Vitesse, mémoire et souplesse limitées

Finalement, avec ces deux derniers modules, de Reffye peut faire représenter à l’ordinateur un arbre subissant son propre poids, sous n’importe quel angle de vue et avec une prise en compte de la perspective. Il s’agit d’une projection encore plus visuellement réaliste, car elle est effectuée sans rabattement comme c’était en revanche le cas pour les simples « représentations graphiques ». De Reffye donne la liste intégrale des programmes HPL en annexe : ils occupent de 100 à 152 lignes. Le programme le plus long prend 5,5 Ko de mémoire vive. C’est-à-dire qu’ils utilisent parfois presque la moitié de la mémoire disponible (15 Ko). De plus la plupart des registres sont employés. De fait, les points calculés sont dessinés au moment même où ils sont calculés : pour des raisons de limitation en mémoire, ils ne demeurent plus directement accessibles après coup. Ces limitations en mémoire sont par ailleurs contournées par une programmation qui utilise massivement la récursivité et la définition des tâches sous la forme de sous-routines que le programme principal appelle un grand nombre de fois.

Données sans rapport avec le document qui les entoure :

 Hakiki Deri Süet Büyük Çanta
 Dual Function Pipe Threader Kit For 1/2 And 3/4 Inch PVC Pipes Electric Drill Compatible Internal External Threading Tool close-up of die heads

Un autre enseignement de ces derniers ajouts est la faible manœuvrabilité de la simulation intégrale obtenue. Pour ces raisons de limitation de vitesse et de mémoire, faire effectuer une simulation intégrale sur l’ordinateur disponible alors à l’IFCC prend énormément de temps :

‘« À titre d’exemple sur le calculateur HP 9825, il faut 20 minutes pour tracer un caféier aléatoire en rabattement à la dimension 70 [ = nombre d’unités de croissance], mais il faut 4 heures pour obtenir une projection plane de la construction spatiale de l’arbre en flexion. » 1794

Les calculs les plus lourds sont donc de loin ceux qui sont exigés par la prise en compte des rotations et des flexions successives des axes et des unités de croissance dans l’espace. La topologie elle-même, avec ses processus stochastiques gérés par la méthode de Monte-Carlo, se révèle finalement assez peu coûteuse en temps. Il peut donc paraître parfois préférable de se limiter aux « représentations graphiques » initiales sans recourir aux modules de mise en espace géométrique. La gestion de la tridimensionnalité demande donc un surcroît de mémoire et un progrès dans les vitesses de calcul.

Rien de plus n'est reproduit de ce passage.